TASK DETAILS.
For every record, give an exact copy that has no pictures in it.

(Pictures with short captions)
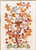 Autumn Tree / 7714253 WI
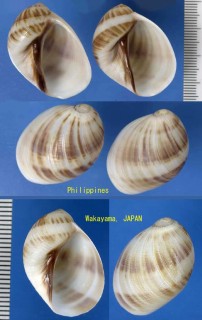 ヌノメリスガイ Mammilla mammatus small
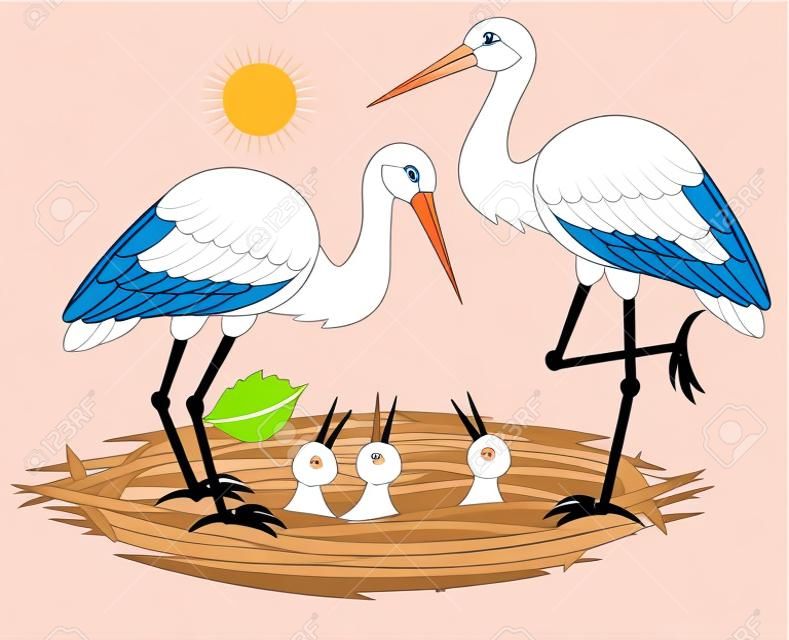 Illustratie van gelukkige ooievaarsfamilie met hun kuikens in het nest. Vector cartoon afbeelding.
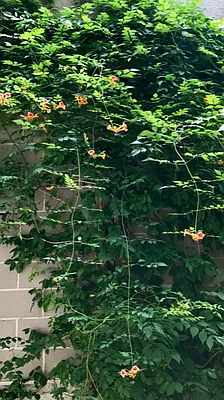 Rented by AAU Real Estate Advisors | media 33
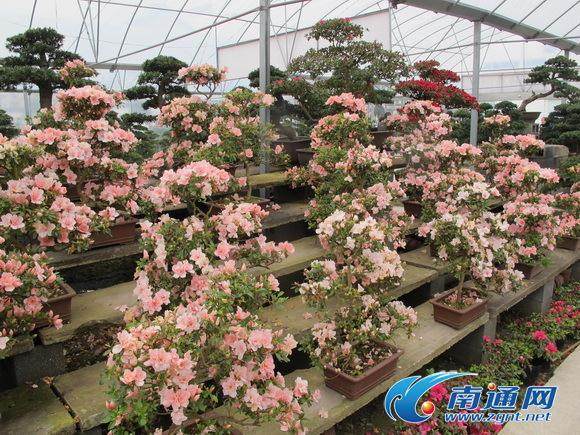 如皋市人民政府与中国盆景艺术家协会在北京签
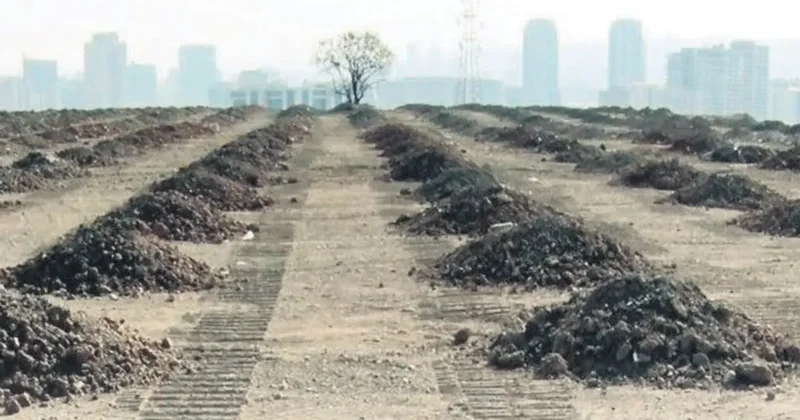 Yeşil vatan seferberliği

OUTPUT OF THE TASK.
 Autumn Tree / 7714253 WI
 ヌノメリスガイ Mammilla mammatus small
 Illustratie van gelukkige ooievaarsfamilie met hun kuikens in het nest. Vector cartoon afbeelding.
 Rented by AAU Real Estate Advisors | media 33
 如皋市人民政府与中国盆景艺术家协会在北京签
 Yeşil vatan seferberliği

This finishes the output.